“We’ve moved MLflow into the Linux Foundation as a vendor-neutral non-profit organization to manage the project long-term”
The open source tool from the US company (whose founders created analytics engine Apache Spark) sees an eye-ball popping 2.5 million downloads a month and has 200 contributors from 100 organisations.
MLflow allows organisations to package their code for reproducible runs and execute hundreds of parallel experiments, across platforms. It integrates closely with Apache Spark, SciKit-Learn, TensorFlow and other open source ML frameworks.
You can learn more about it in our launch write-up here…
It is the second open source project after Delta Lake, that the California-based firm has donated to the Linux Foundation — an organisation which provides support for open-source communities through financial and intellectual resources; overseeing open source projects in almost every sector including government, education and film production.

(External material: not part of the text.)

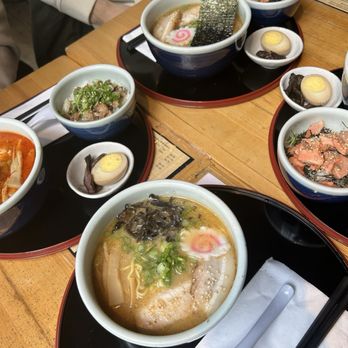 Hokkaido Ramen Santouka - miso ramen - Ramen Near Me - Toronto, Ontario Hokkaido Ramen Santouka - miso ramen - Ramen Near Me - Toronto, Ontario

The news caps a busy week for Databricks, which also announced the acquisition of data visualisation and querying specialist Redash.
David Wyatt, SVP & GM EMEA at Databricks told Computer Business Review:
“Unlike traditional software development that is only concerned with versions of code, ML models need to also track versions of data sets, model parameters, and algorithms, which creates an exponentially larger set of variables to track and manage.
“In addition, ML is very iterative and relies on close collaboration between data teams and application teams.
“MLflow keeps this process from becoming overwhelming for organizations by providing a platform to manage the end-to-end ML development life cycle from data preparation to production deployment, including experiment tracking, packaging code into reproducible runs, and model sharing and collaboration”.
Other News This Week for Databricks
Databricks took the opportunity at the online summit to announce a hosted version of the recently acquired Redash, to facilitate a “rich visualisation and dash boarding experience”. A spokesperson for the data engineering platform explained its processes behind buying Rednash in a recent statement:
“We first heard about Redash a few years ago through some of our early customers. As time progressed, more and more of them asked us to improve the integration between Databricks and Redash.
“Our acquisition of Redash was driven not only by the great community and product they’ve developed, but also the same core values we share. Both our organizations have sought to make it easy for data practitioners to collaborate around data, and democratize its access for all teams.
“Most importantly though, has been the alignment of our cultures to help data teams solve the world’s toughest problems with open technologies”.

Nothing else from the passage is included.